Strindberg no es tanto un extranjero como “lo otro” que el París más
ultraterreno y bohemio ha exhibido a veces como característica propia de su
idiosincrasia. Strindberg en París se dedica a idear extraños compuestos
alquímicos, a pasear por parques y avenidas, a vagabundear por el Jardín Botánico, a vivir de noche, a recoger muestras del aire de los cementerios que luego
crepitan bajo el microscopio del laboratorio improvisado en la buhardilla donde
se refugia.
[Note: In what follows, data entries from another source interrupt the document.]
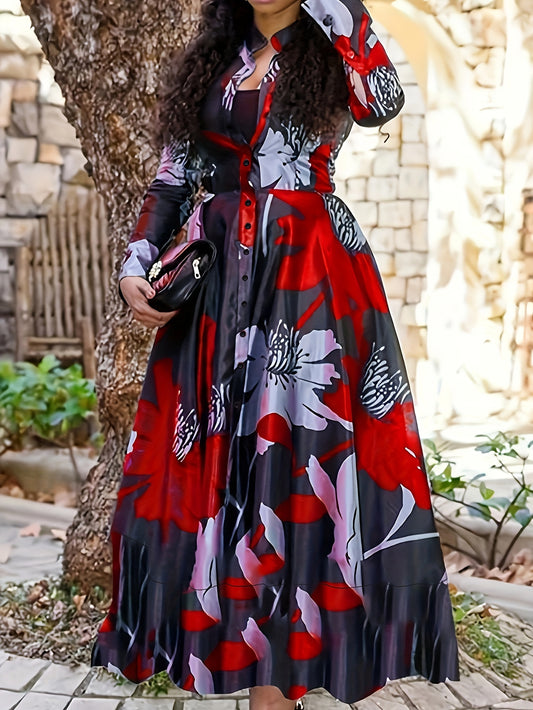 [Elegant Floral Dress] Elegant Floral Print Women's Long Dress | V-Neck, Ruching, Machine Washable, All-Season, Versatile, Casual to Formal Wear, Nontransparent Fabric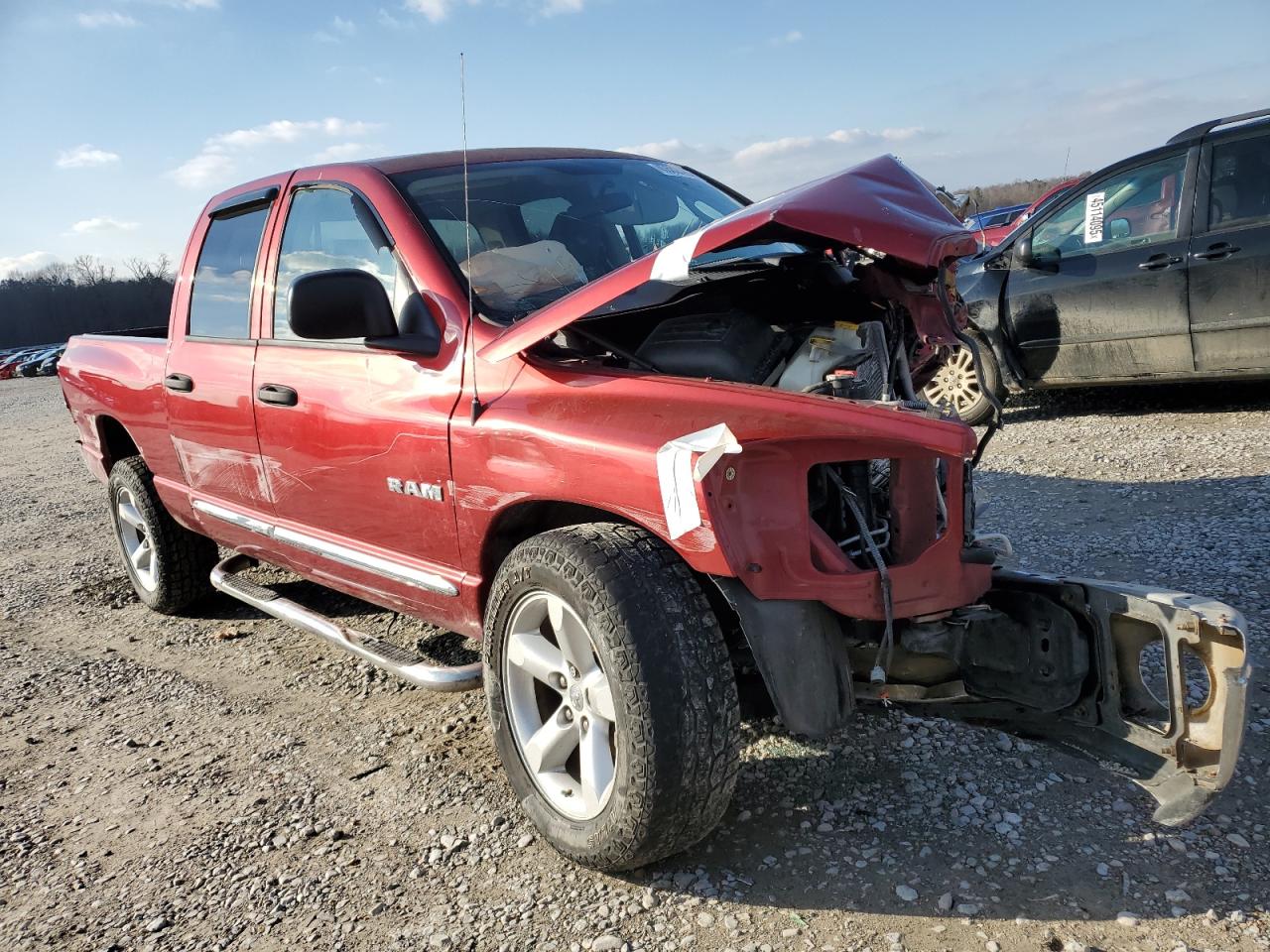 2008 Dodge RAM VIN 1D7HA18N98J158239 Copart auction photo, front end / replaced vin damage thumbnail 4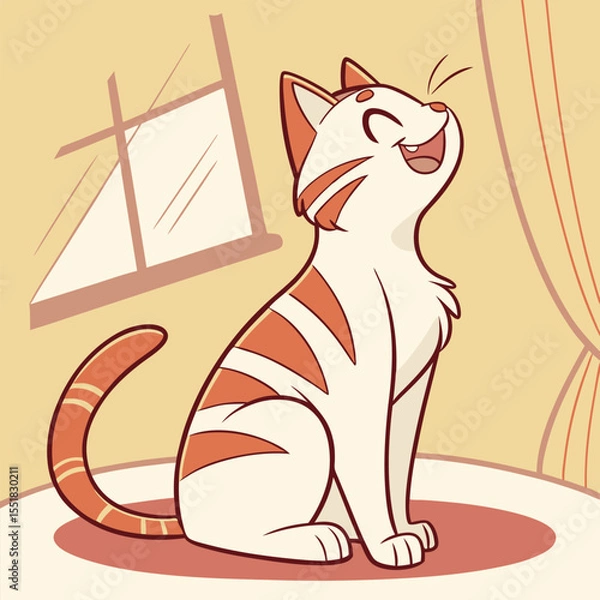 Obraz Set of cute cat with different emotions. illustration vector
Lo confunden con un pordiosero, con un maleante. Sospecha que
alguien le persigue para asesinarlo, lo que le hace adoptar conductas que le
vuelven más extraño a los vecinos. Coloca por la noche en las ventanas placas
con gelatinobromuro de plata – celestografías - para recoger directamente las impresiones luminosas
de las estrellas. Y aunque se encuentre feliz porque no cesa de investigar y de
crear, está seguro de que la locura finalmente acabará venciendo y malogrando
todo lo que está haciendo. Por fortuna, logra superar sus temores y psicosis,
y, en búsqueda de su familia, regresa a su país, donde no pudiera haberse movido tan libremente
como lo hiciera en la capital francesa.
Todos
estos viajes, resumen una de las características básicas del viaje que todo
manual elemental de símbolos, recoge y que los poetas buscaban: renacimiento,
renovación, trascendencia de los propios límites psico-existenciales. Los
poetas viajan para renovar su identidad, para enriquecerse con nuevas
sensibilidades, para aprender o asimilar nuevos repertorios de metáforas y
conceptos, para atreverse a ser otros. Y todos estos viajes reales, a su vez, simbolizan sólo uno, el que de veras importa:
el viaje al interior de uno mismo, ese viaje que para un Rilke confirmaban
emotiva, luminosamente los otros tipos
de viaje.
1 comentario:
Muy interesante, como el texto anterior. A Artaud nunca lo había "visto" ( aunque sí lo leí mucho en su día). Me he quedado impresionada.
Una editorial de viajes notable, que ha publicado muchísimos libros de literatura de viajes es Ediciones del Viento. Tal vez te interese echar un vistazo al catálogo. Un abrazo.